What is needed
The records below are to be repeated exactly, and their pictures left out.

*** Opening of Data provided ***

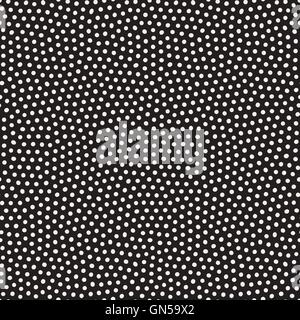 Vector Seamless Black and White Dark Jumble Circles Stippling Pattern Stock Vector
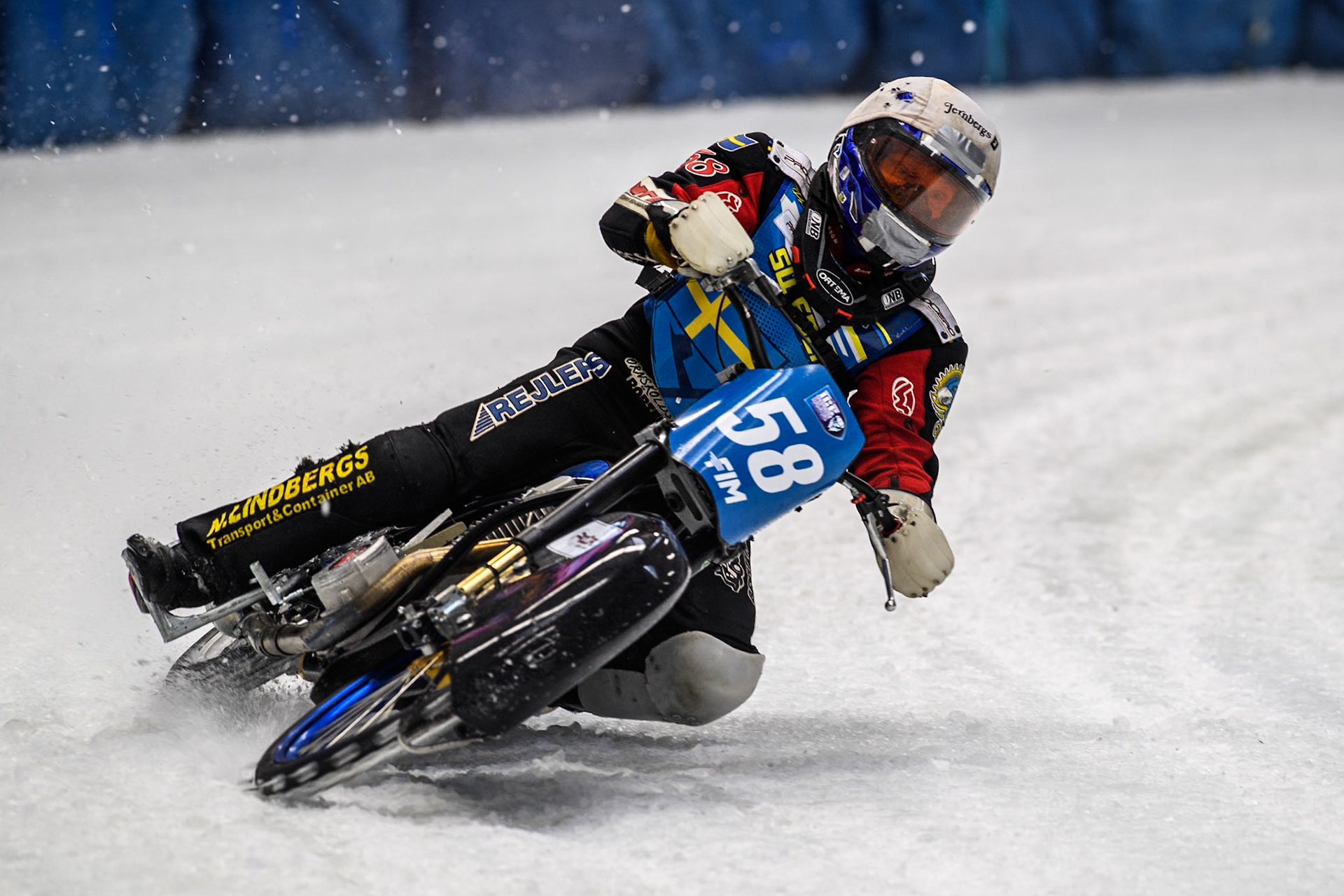 Sweden's Stefan Svensson (58) in action during the FIM Ice Speedway Gladiators World Championship Final 2 at the Max-Aicher-Arena, Inzell on Sunday 24 March 2024. (Photo: Ian Charles | MI News)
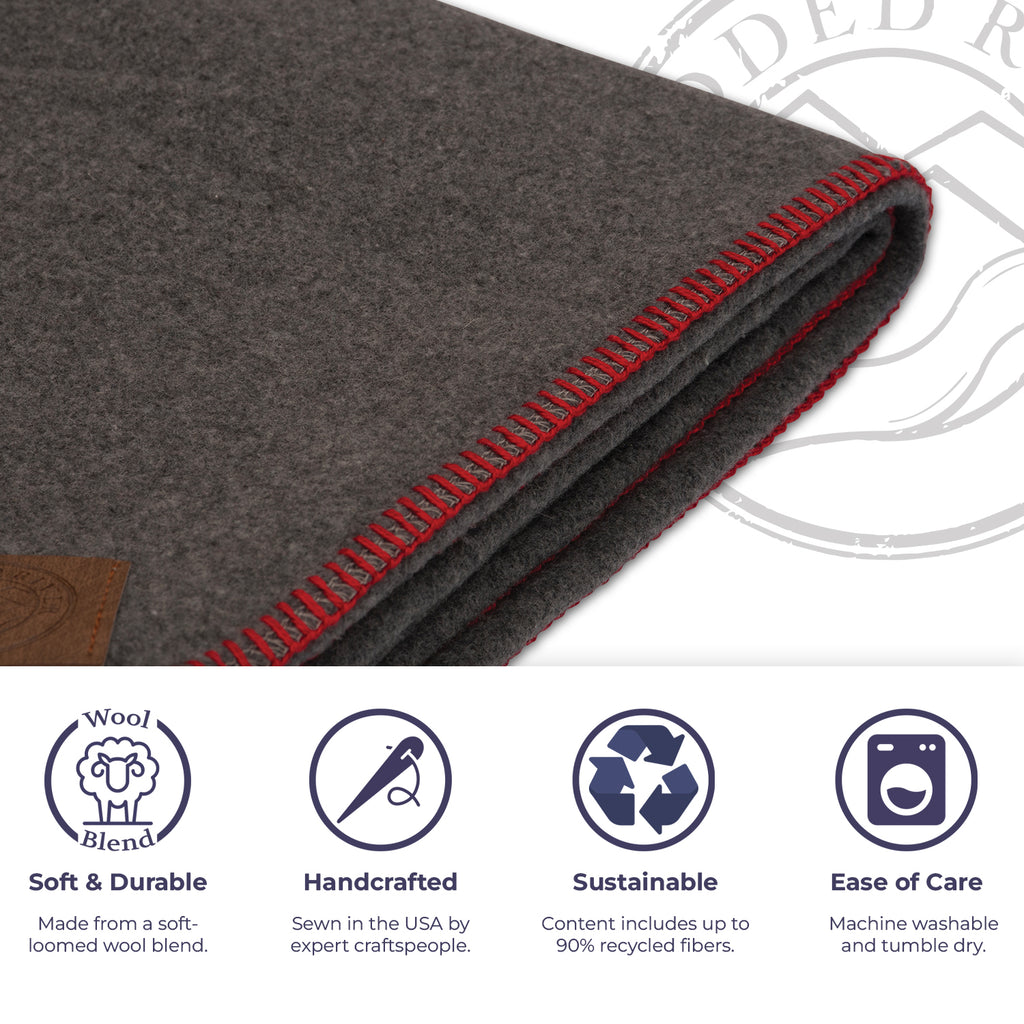 Solid Greystone Red Throw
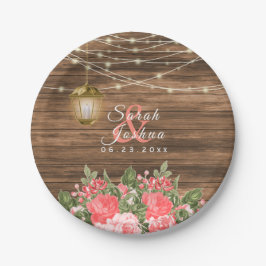 Prato De Papel Madeira, Lanterna e Flor de Coral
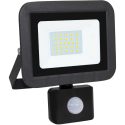 Προβολέας LED 20W 6500K 1700lm IP44 μαύρος με αισθητήρα κίνησης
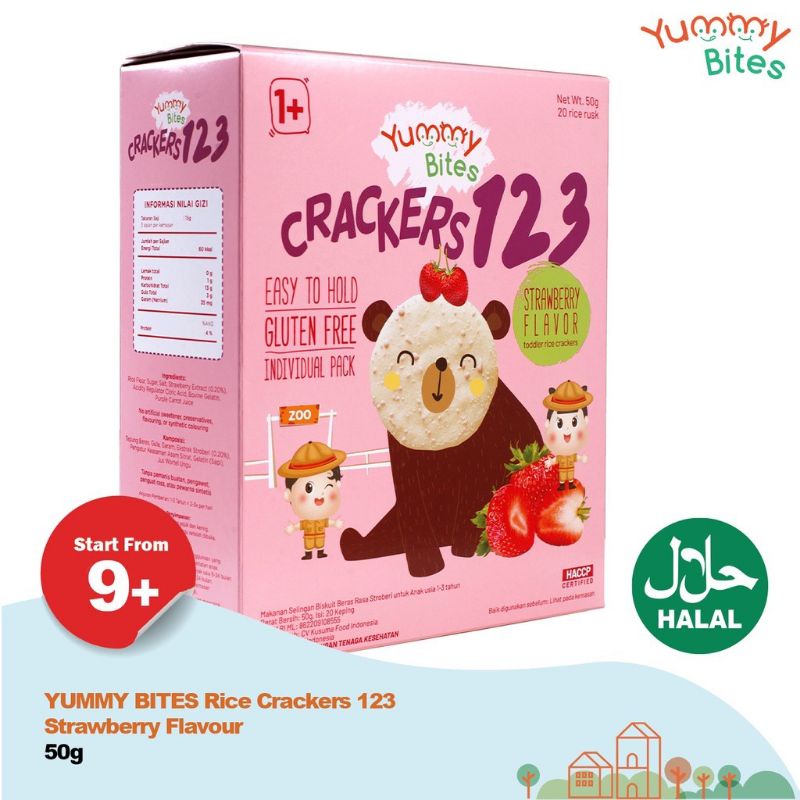 Yummy bites rice crackers 123 50 gr/ Yummy bites snack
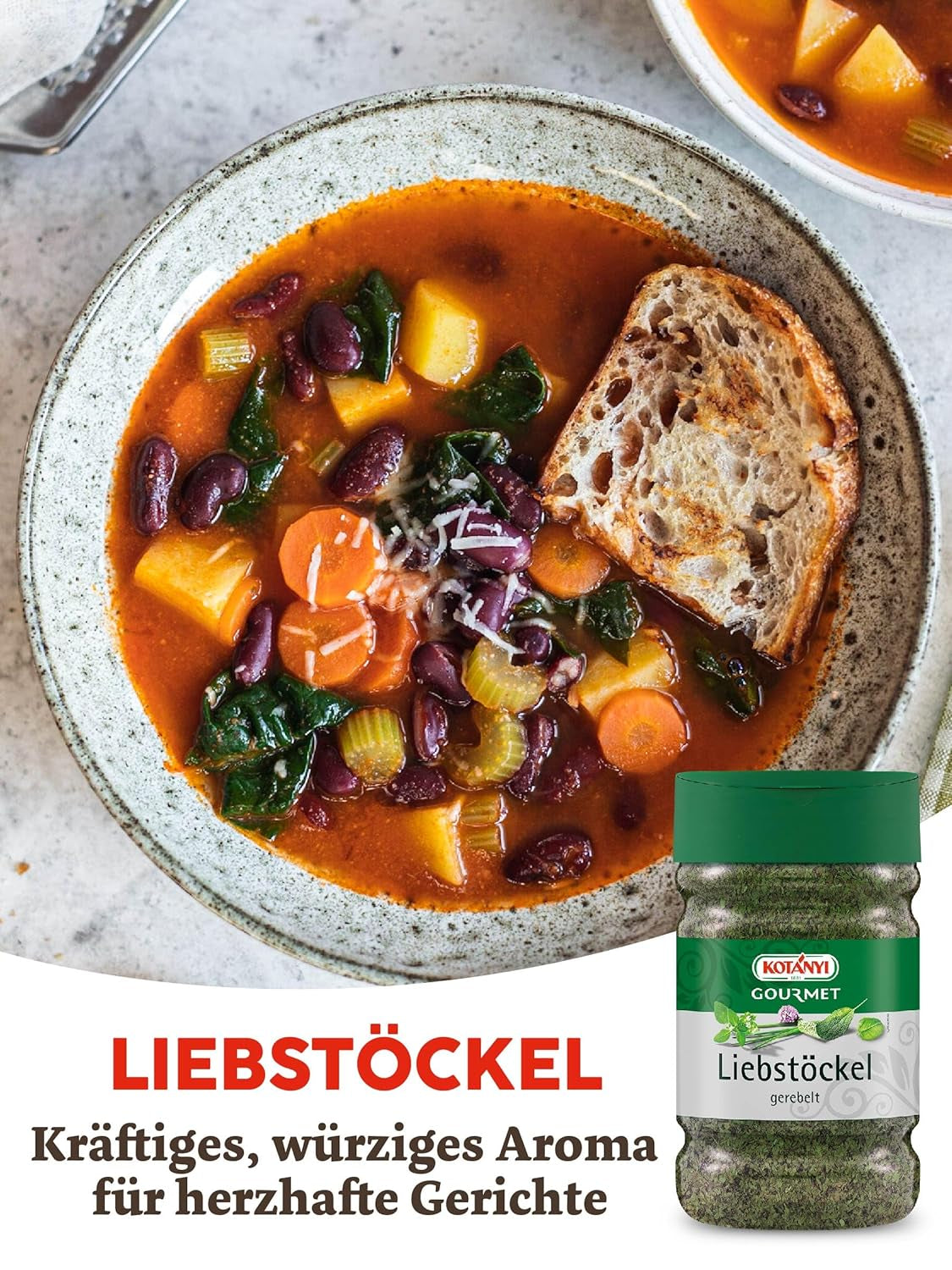 Kotanyi Liebstöckel gerebelt, Gewürze für Großverbraucher und Gastronomie, 1200 ml, 160 g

*** Close of Data provided ***

Answer to this problem
 Vector Seamless Black and White Dark Jumble Circles Stippling Pattern Stock Vector
 Sweden's Stefan Svensson (58) in action during the FIM Ice Speedway Gladiators World Championship Final 2 at the Max-Aicher-Arena, Inzell on Sunday 24 March 2024. (Photo: Ian Charles | MI News)
 Solid Greystone Red Throw
 Prato De Papel Madeira, Lanterna e Flor de Coral
 Προβολέας LED 20W 6500K 1700lm IP44 μαύρος με αισθητήρα κίνησης
 Yummy bites rice crackers 123 50 gr/ Yummy bites snack
 Kotanyi Liebstöckel gerebelt, Gewürze für Großverbraucher und Gastronomie, 1200 ml, 160 g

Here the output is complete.